1. Severity of the issue: (select one)
None: I’m just curious or want clarification.
Low: Annoying but doesn’t hinder my work.
Medium: Significantly affects my productivity but can find a workaround.
High: Completely blocks me.

2. Environment:

  • Ray version: 2.43.0
  • Python version: 3.11.0
  • OS: Ubuntu 22.04.4 LTS
  • Cloud/Infrastructure: Azure
  • Other libs/tools (if relevant): Ray on Databricks Spark

3. Question:
Assumptions (correct me if I am wrong about any of these):

  • Each trial will by default be allocated 1 CPU.
  • Each trial corresponds to a Ray task.
  • Each Ray task is scheduled on a Ray Worker that has sufficient resources for it.
  • Each Ray Worker only runs one Ray task at a time.

Given the above, assume I have:

  • 8 Ray Workers (4 CPUs each)
  • 50 trials to be scheduled with default resource usage and no max_concurrency

With all of that, am I correct that the following will occur?

  • 8 trials will be started on the 8 Ray Workers at first
  • These running trials would be using 8 CPUs (1 per trial, as is default), with the other 24 CPUs being used for other Ray processes or idling
  • When one of the trials finishes, another will be scheduled so that at all times, as long as there are more trials to schedule, there will be 8 concurrent trials?

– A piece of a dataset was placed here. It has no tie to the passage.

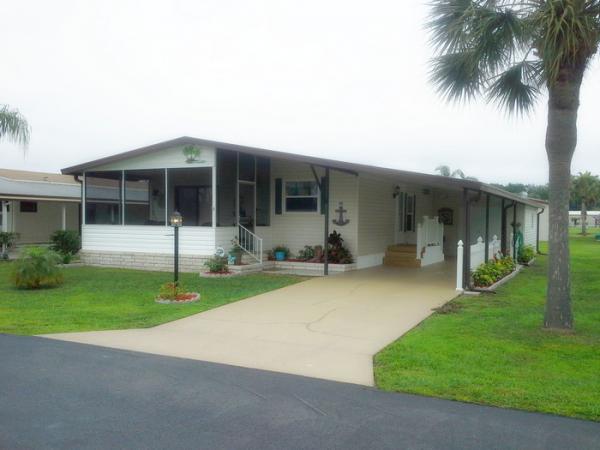 Orange Manor Mobile Home Park West88 Parson DrWinter Haven, FL 33884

The reason I am confused is because I ran a trial with this configuration and found that there were 22 trials in the RUNNING state at some point, but I do not understand how 22 of them could be running at the same time.

Hey @ishaan-mehta, what do you mean by “Ray Worker” in this context? Are you referring to worker nodes?

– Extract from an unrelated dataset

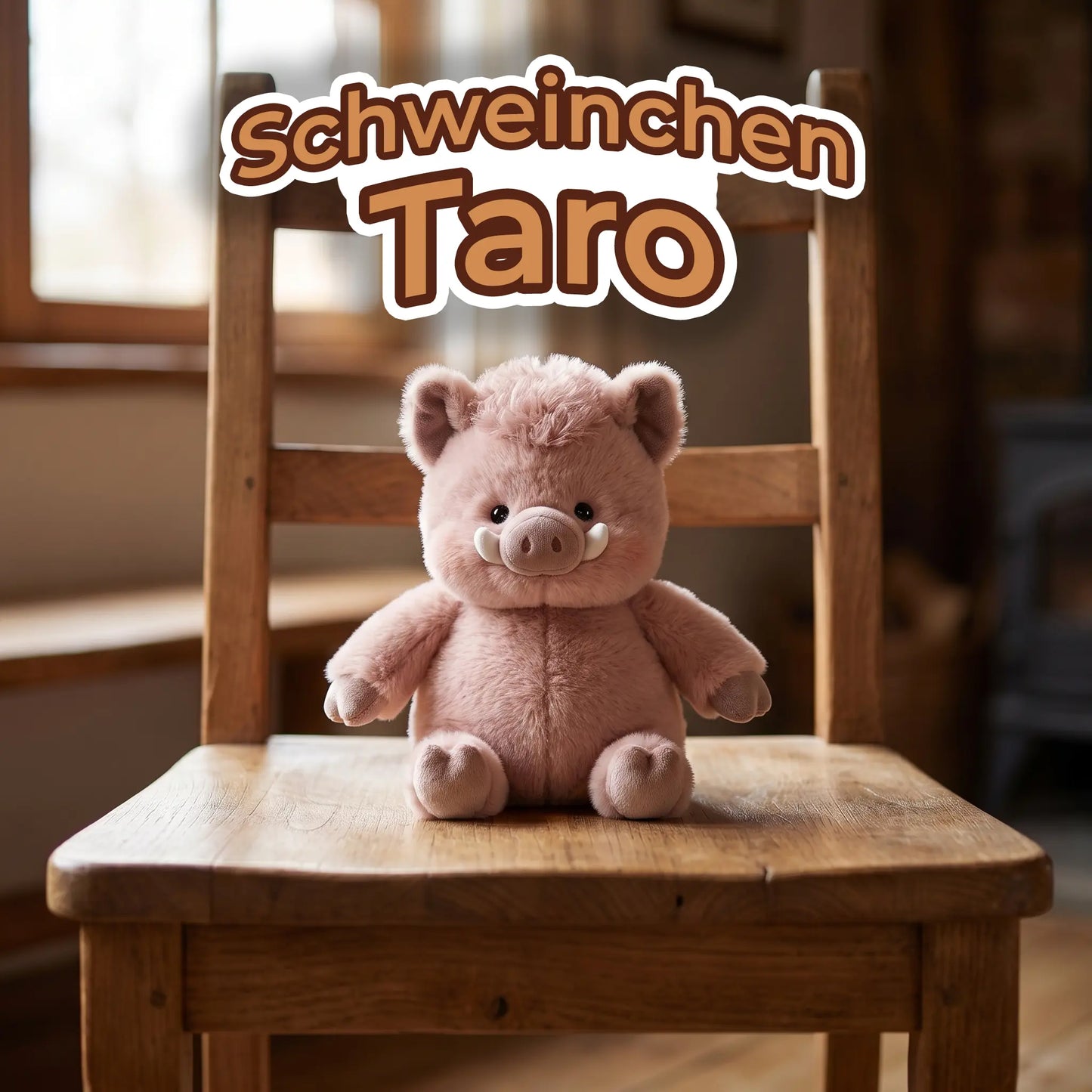 FluffyMe | Dein laufender Kuschelfreund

Hi @matthewdeng, thanks for the response! Correct, I mean worker nodes. Am just used to saying “Ray Worker” to differentiate between Spark worker nodes and Ray worker nodes (as I am running Ray on a Spark cluster), apologies for the confusion.

Got it! In that case this assumption is incorrect:

  • Each Ray Worker only runs one Ray task at a time.

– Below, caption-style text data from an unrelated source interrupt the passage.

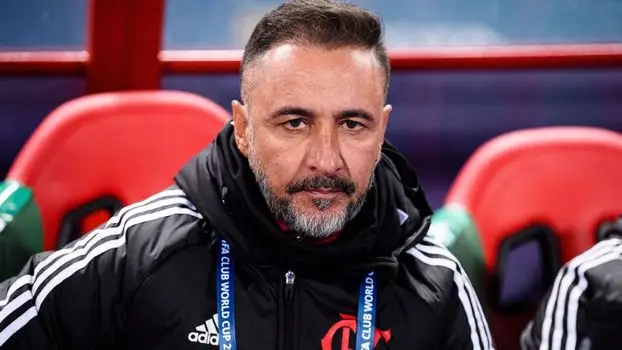 Vitor Pereira fala de estilo do jogo europeu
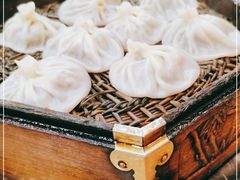 -西安贾三灌汤包·回坊小吃·清真炒菜(北院门总店)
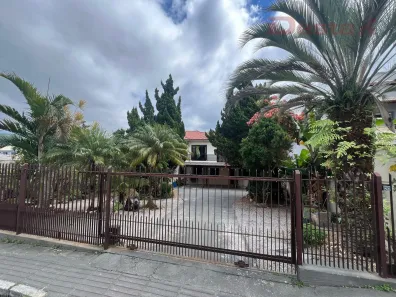 Casa com 6 Quartos à venda, 306m² no Serraria, São José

Each worker node will be able to schedule as many tasks as logical CPU resources are available for scheduling. In this case, on a cluster setup with 4 worker nodes with 8 CPUs each there can be up to 32 trials running at once.

Ohhh, OK – thank you for the clarification! In that case, what relationships and limitations exist w.r.t. Ray worker nodes and Ray Tune trials? Is there any reason to increase or decrease the number of worker nodes (keeping the Spark cluster size constant) when only using Ray Tune? Apologies if this is a silly question, just trying to wrap my head around things.

When you say keeping the Spark cluster size constant, what are you defining as cluster size?

For example, if your baseline is 4x8CPU nodes:

  • If you change this to 1x32CPU node (different node type, same number of CPUs), the time to run the Tune experiment should be approximately the same.
  • If you change this to 1x8CPU node (same node type, different number of nodes), the time to run the Tune experiment should be approximately 1/4.

Hey @matthewdeng — good question. When I say cluster size is constant, I mean the same number of Spark nodes and the same number of CPUs per Spark node.

So if I have 4x8CPU Spark worker nodes, is there any reason to have 2 Ray worker nodes per Spark worker node (so that each of the 8 total Ray worker nodes has 4 CPUs) as opposed to having a 1:1 relationship between Spark and Ray worker nodes (so that each of the 4 total Ray worker nodes has 8 CPUs)?

I guess I am just wondering what the pros and cons are of manipulating the ratio of Spark workers to Ray workers if the efficiency is purely based on CPU availability rather than Ray worker count.

I would recommend keeping them 1:1 and only adjust if you run into any issues with it that would require changing the ratio (though nothing stands out as obvious to me at the moment).

1 Like